- Supreme Court of the United States

Argued November 13, 2002 Decided March 5, 2003
- Full case name: Delbert W. Smith and Bruce M. Botelho, Petitioners v. John Doe I et al.
- Docket no.: 01-729
- Citations: 538 U.S. 84 (more) 123 S. Ct. 1140; 155 L. Ed. 2d 164

Holding
- Because the Alaska Sex Offender Registration Act is nonpunitive, its retroactive application does not violate the ex post facto clause.

Court membership
- Chief Justice William Rehnquist Associate Justices John P. Stevens · Sandra Day O'Connor Antonin Scalia · Anthony Kennedy David Souter · Clarence Thomas Ruth Bader Ginsburg · Stephen Breyer

Case opinions
- Majority: Kennedy, joined by Rehnquist, O'Connor, Scalia, Thomas
- Concurrence: Thomas
- Concurrence: Souter (in judgment)
- Dissent: Stevens
- Dissent: Ginsburg, joined by Breyer

= Smith v. Doe =

Smith v. Doe, 538 U.S. 84 (2003), was a court case in the United States which questioned the constitutionality of the Alaska Sex Offender Registration Act's retroactive requirements. Under the Act, any sex offender must register with the Department of Corrections or local law enforcement within one business day of entering the state. This information is forwarded to the Department of Public Safety, which maintains a public database. Fingerprints, Social Security number, anticipated change of address, and medical treatment after the offense are kept confidential. The offender's name, aliases, address, photograph, physical description, driver's license number, motor vehicle identification numbers, place of employment, date of birth, crime, date and place of conviction, and length and conditions of sentence are part of the public record, maintained on the Internet.

Smith v. Doe questioned the constitutionality of the act's retroactive requirements. John Does I and II were convicted of aggravated assault before the act's passage and filed suit, claiming the act was punitive and violated the ex post facto clause of Article I of the U.S. Constitution. The district court ruled against the Does, ruling that the act was nonpunitive. The appeals court sided with the Does that the act was in fact punitive and violated ex post facto.

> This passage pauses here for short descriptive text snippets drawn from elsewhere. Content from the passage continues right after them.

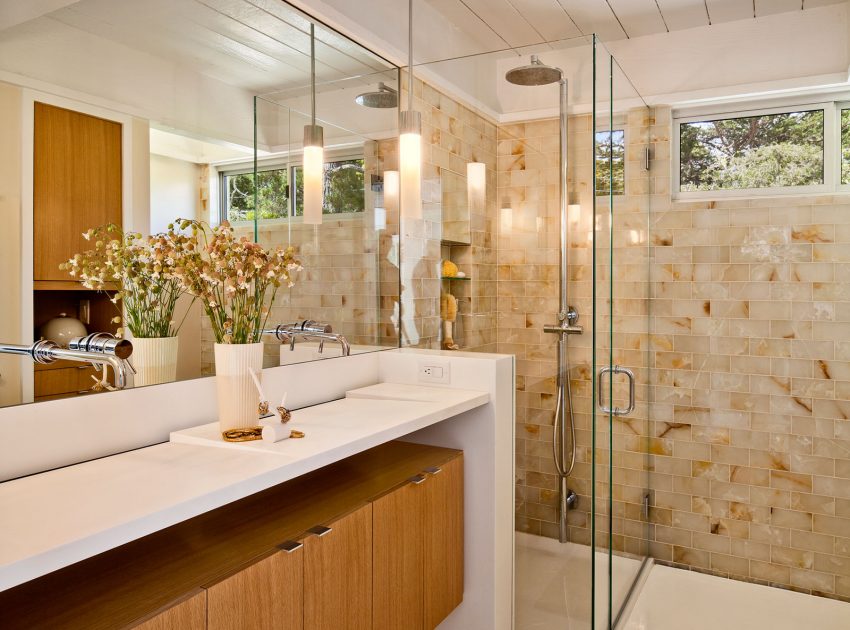 An Elegant Mid-Century Home with Luminous Interiors in Carmel by Studio Schicketanz (14)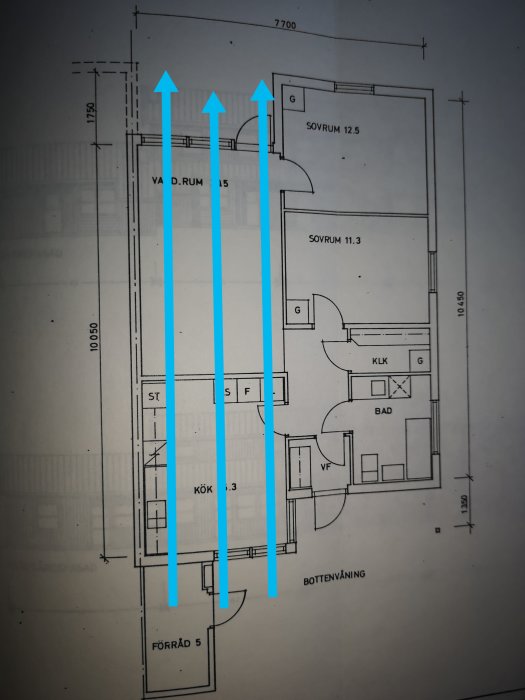 Ritning av en bottenplan med markerade takstolar och skiljevägg.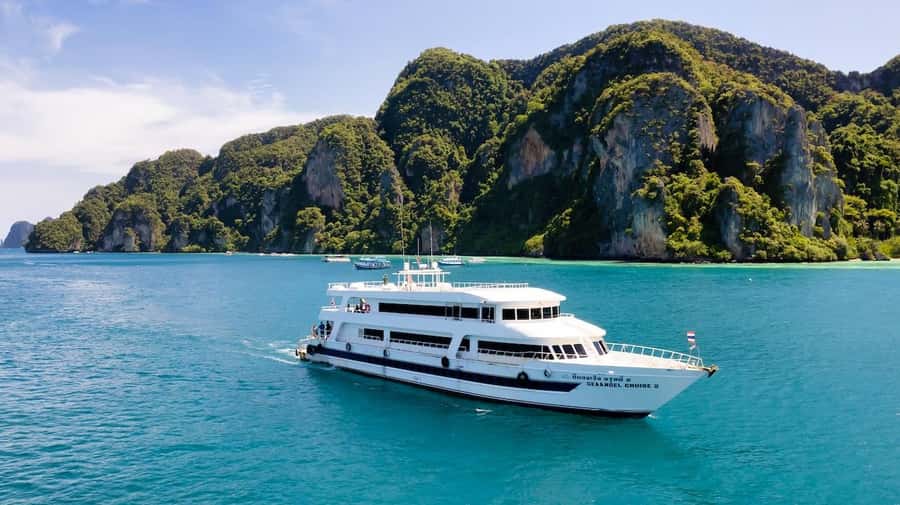 Phi Phi Island Highlights: Cruise, Snorkel & Buffet Lunch - Pileh Lagoon and Viking Cave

== Supreme Court's ruling ==
Held: Because the Alaska Sex Offender Registration Act is nonpunitive, its retroactive application does not violate the ex post facto clause.

The question is if the intention was to impose a punishment or "civil proceedings". If the intention was to punish, that ends the inquiry. If the intention was to enact a regulatory scheme that is civil and nonpunitive, the Court must examine whether the scheme is so punitive as to negate the State's intention to deem it civil. Because the Court ordinarily defers to the legislature's stated intent, only the clearest proof will suffice to override that intent and transform what has been denominated a civil remedy into a criminal penalty. The Court decided 6–3 that the legislature's intent was to create a civil, nonpunitive program to protect the public and that the resulting dissemination of the registration information was not significant enough to declare as debilitating.

The dissenting justices contended that the law was punitive and imposed severe deprivations of liberty. Justice Stevens' dissenting opinion said, "It is also clear beyond peradventure that these unique consequences of conviction of a sex offense are punitive. They share three characteristics, which in the aggregate are not present in any civil sanction. The sanctions (1) constitute a severe deprivation of the offender's liberty, (2) are imposed on everyone who is convicted of a relevant criminal offense, and (3) are imposed only on those criminals. Unlike any of the cases that the Court has cited, a criminal conviction under these statutes provides both a sufficient and a necessary condition for the sanction".